Maestro de pintores y paisajista de por vida, Portela transgrede presupuestos teóricos para entregarnos un paisaje que linda con lo urbano y lo rural.

En un texto de Carlos Enríquez, el pintor-novelista distinguirá dos tipos de artistas en el ámbito pictórico nacional de los años 30: los que asumían temas y signos propios de la vida de la capital y  aquellos que se satisfacían con una producción creadora basada en visiones y símbolos de tierra adentro. Medio siglo después, Mario García Portela (Pinar del Río, 1942) parece ignorar esta división en su quehacer artístico.
Maestro de pintores y paisajista de por vida, Portela transgrede tales presupuestos teóricos para entregarnos un paisaje que linda con lo urbano y lo rural. De la ciudad viene la forma; de «tierra adentro», el espíritu. O, mejor dicho, del «pueblo de campo», expresión con que el cubano define ese mestizaje entre vida citadina y pastoril, que tiene su equivalente en el propiamente cultural.
Pero, ¿en qué me baso para decirlo? Sobre todo, en el silencio... Ésta es una pintura que parece tener su respuesta más estruendosa en el silencio que la envuelve como un tono más. En ella obra el tiempo como un cuerpo de ideas que gravitan siempre a recaudo de un solo elemento a color: detonante de un nuevo nivel de reflexión que al artista se le antoja en cada lienzo como un muñeco o polichinela, cuya ubicación, bien entre las rejas de un balcón, el quicio de una puerta o en cualquier otra locación, lo convierten en conmensurable testigo de la soledad y la incomunicación.

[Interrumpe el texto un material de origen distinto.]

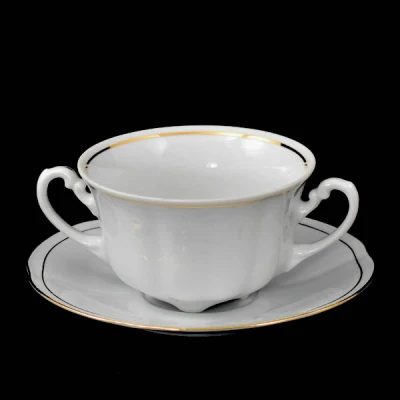 BULIONÓWKA + SPODEK PORCELANA ĆMIELÓW BOLERO ZŁOTY PASEK POLSKA 300 ml DUŻA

Si los paisajes urbanos de Chirico preconizan el mundo después de la catástrofe, los de Portela lo olvidan, en esa quietud renuente al periódico de la mañana, al noticioso último de la radio, donde el olor a tierra húmeda, más que respirarse, parece detenerse a perdurar en las cornisas, donde anidan, ya sin alas, las más diversas tonalidades de ocre.  Su temprano interés por la fotografía le permitió crearse un punto de vista muy personal sobre la cosa a representar. Asimismo, su parquedad cromática. De ahí su preferencia por el «contrapicado» fotográfico, para expresar lo propiamente arquitectónico; la piedra se subjetiviza, y también la madera, la herrajería.

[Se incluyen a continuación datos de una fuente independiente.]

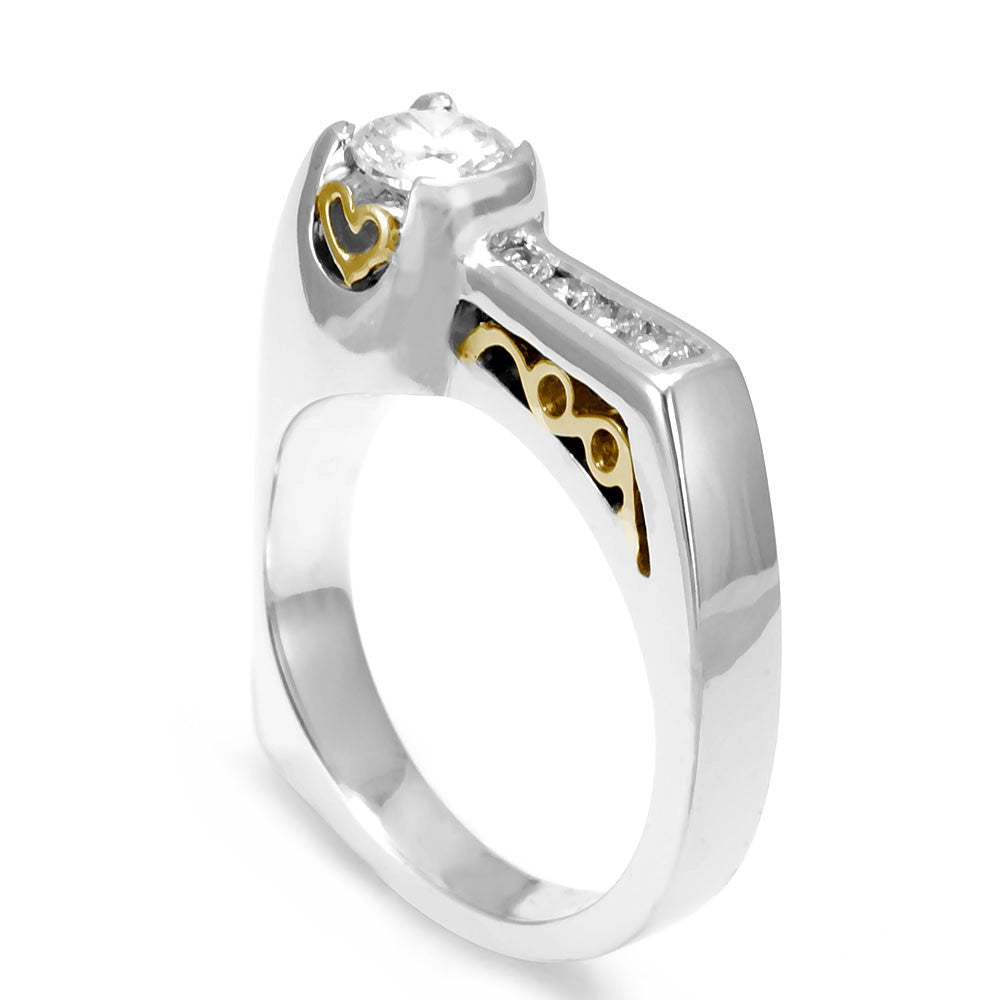 Unique Design Engagement Ring with Channel Set Round Diamonds in 14KW and 18KY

El decir de esta visualidad puede parecer obvio; pero hay una acendrada presencia del buen hacer en dinteles, jambas y balcones, que bien remata el aleteo del claroscuro en los aleros. A propósito, todos estos recursos no son más que peldaños de un conjunto de detalles de carácter urbano, casi arqueológico, en su desnuda intimidad, que sólo reclama de su altivez la siempre soberana presencia del cielo. Es en el cielo, y no en otra parte del paisaje, donde culmina el hacer de este personal decir, cual una plegaria muda. El dibujo, sereno; así lo reclama un paisaje que se fija al techo de la imaginación a la misma hora del ángelus. Soberanía de la quietud, tanto como de la sensibilidad. El mar no se ve, pero se siente. También el sillón del anciano, recién pintado de blanco y verde. Y hasta la caída de la penca, sin estruendo alguno, como en un mar del cielo.

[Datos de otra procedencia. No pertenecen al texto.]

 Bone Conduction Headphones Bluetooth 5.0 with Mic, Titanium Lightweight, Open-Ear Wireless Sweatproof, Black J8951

Quien ha vivido la experiencia de ver las tardes de nuestros pueblos... de campo, de caminarlas despacio, al igual que las horas que en ellas se dan cita, se percatará del linaje de estos lienzos: escuetos, sencillos, quietos, pero, sobre todo, auténticos.
Razón esta última que —en un género como el paisaje, tan proclive en estos tiempos al mimetismo indiscriminado de la realidad y la comercialización más animosa— desmarca a estas obras de cualquier compromiso de venta, para hacerse presencia de motivaciones y experiencias tan humanas como eternas.